The uncomfortable truth: organisations that insist they’re different are rarely more complex than their peers. They’re just more committed to the status quo.

The reassurance you didn’t know you needed

“Don’t worry. You’re just as bad as everyone else.”

It sounds dismissive. For the right audience, it’s actually reassuring.

If your problems are universal, the solutions are proven. You don’t need to invent a bespoke approach from scratch. You don’t need a two-year research project to figure out what works. You can learn from the accumulated experience of organisations that have already walked this path.

A methodology tested across mining, oil and gas, utilities, and manufacturing isn’t weaker because it’s general. It’s stronger. It’s been stress-tested in environments with different technologies, different risk tolerances, different operational realities. It still works.

That’s not because the methodology is simplistic. It’s because the fundamentals of risk, resilience, and decision-making don’t change. The principles scale. The process adapts. The outcomes are repeatable.

What to do when you catch yourself

If you’re a CISO or security leader, here’s the uncomfortable question: when was the last time you said “our environment is different”?

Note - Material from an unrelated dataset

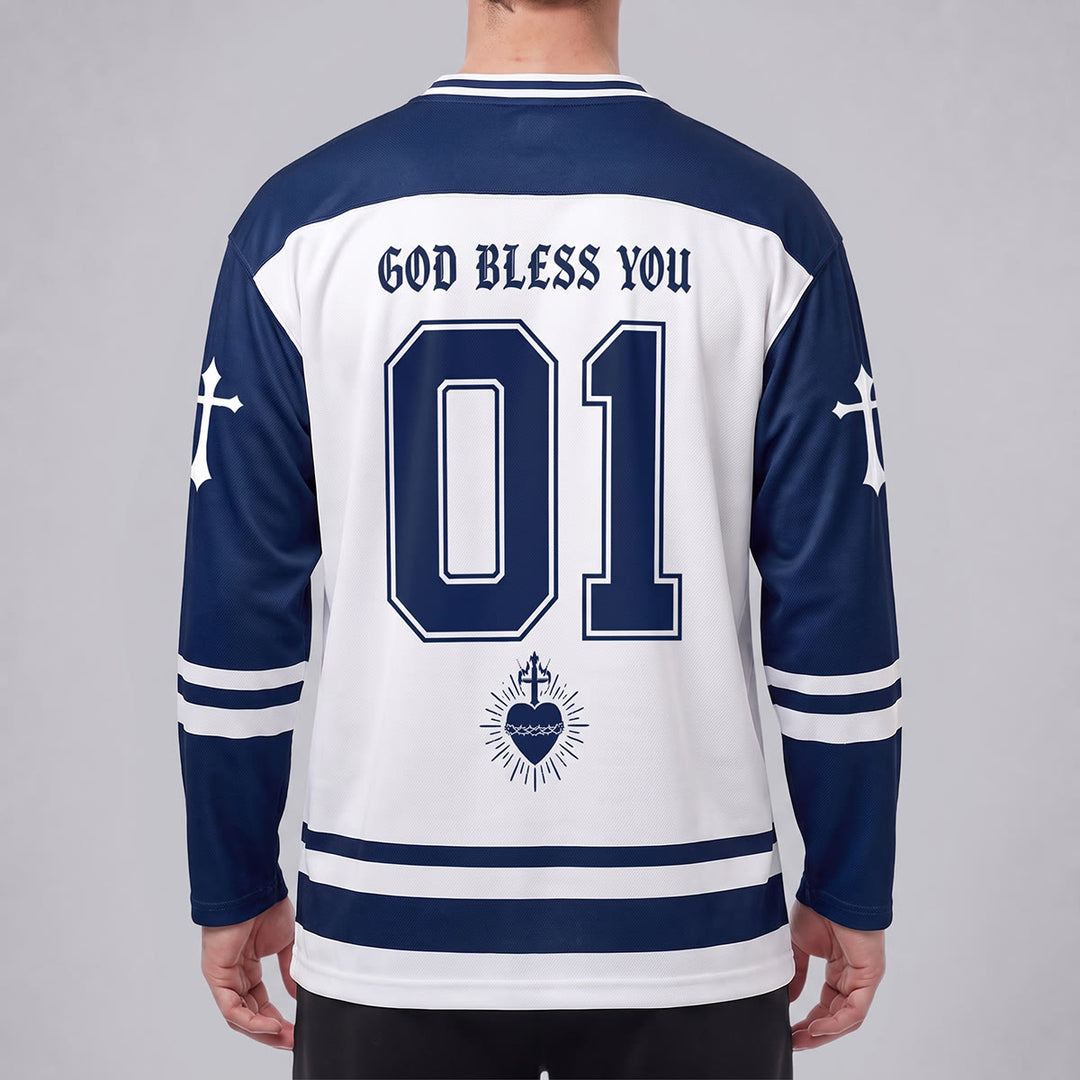 Christianartworkshop God Bless You Believe in Christ Hockey Jersey - image 4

If it was recently, consider:

  • Am I describing a genuine technical constraint, or protecting a decision I don’t want challenged?
  • Am I rejecting external input because it’s wrong, or because it’s uncomfortable?
  • Am I confusing familiarity with my environment for superiority over others?

The antidote to the uniqueness delusion is humility. Not false humility or self-deprecation, but the operational humility of recognising that your challenges are not unprecedented. Others have faced them. Others have solved them. The lessons transfer.

You don’t need a consultant who has memorised your specific SCADA system. You need someone who has seen the pattern your organisation can’t see because you’re standing too close to it.

That’s not a criticism. It’s a fact. Acknowledging it is the first step toward better security.